[Opening RECORDS PROVIDED section]

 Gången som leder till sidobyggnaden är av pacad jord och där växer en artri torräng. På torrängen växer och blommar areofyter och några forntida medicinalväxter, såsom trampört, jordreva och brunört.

[Closing RECORDS PROVIDED section]
[Opening RECORDS PROVIDED section]

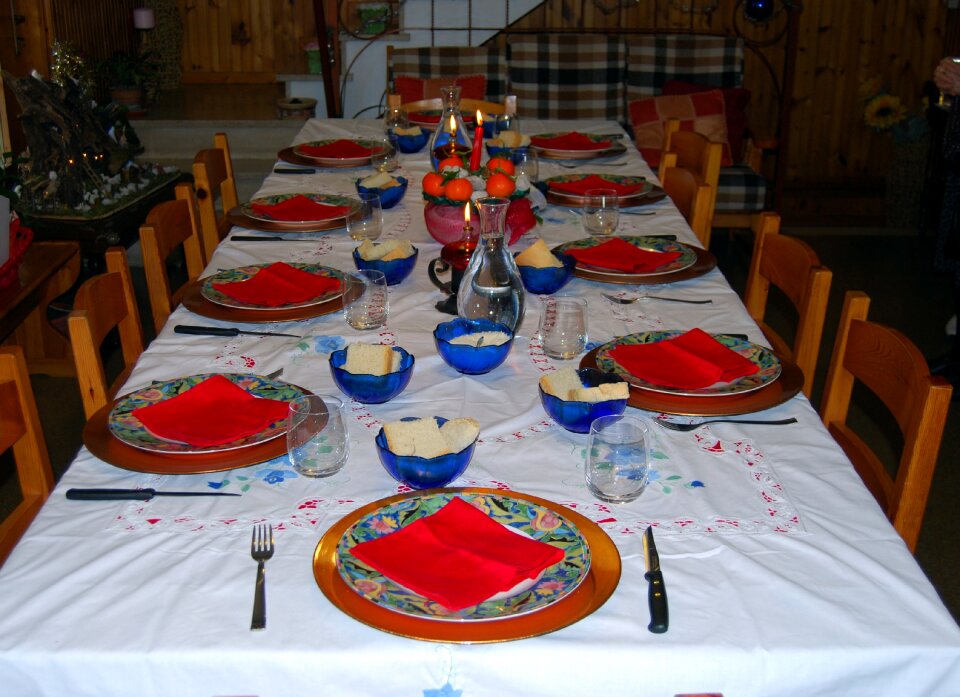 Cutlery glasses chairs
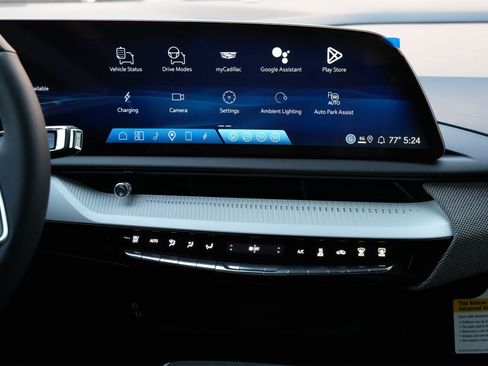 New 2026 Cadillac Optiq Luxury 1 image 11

[Closing RECORDS PROVIDED section]
[Opening RECORDS PROVIDED section]

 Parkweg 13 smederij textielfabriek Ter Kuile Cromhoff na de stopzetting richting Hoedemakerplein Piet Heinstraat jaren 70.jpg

[Closing RECORDS PROVIDED section]

Using the entries above, repeat exactly the lines from the one with "Cutlery glasses chairs" to the one with "New 2026 Cadillac Optiq Luxury 1 image 11", both included, and leave the pictures behind.

▶ _SOLUTION TO THIS EXERCISE_:
 Cutlery glasses chairs
 New 2026 Cadillac Optiq Luxury 1 image 11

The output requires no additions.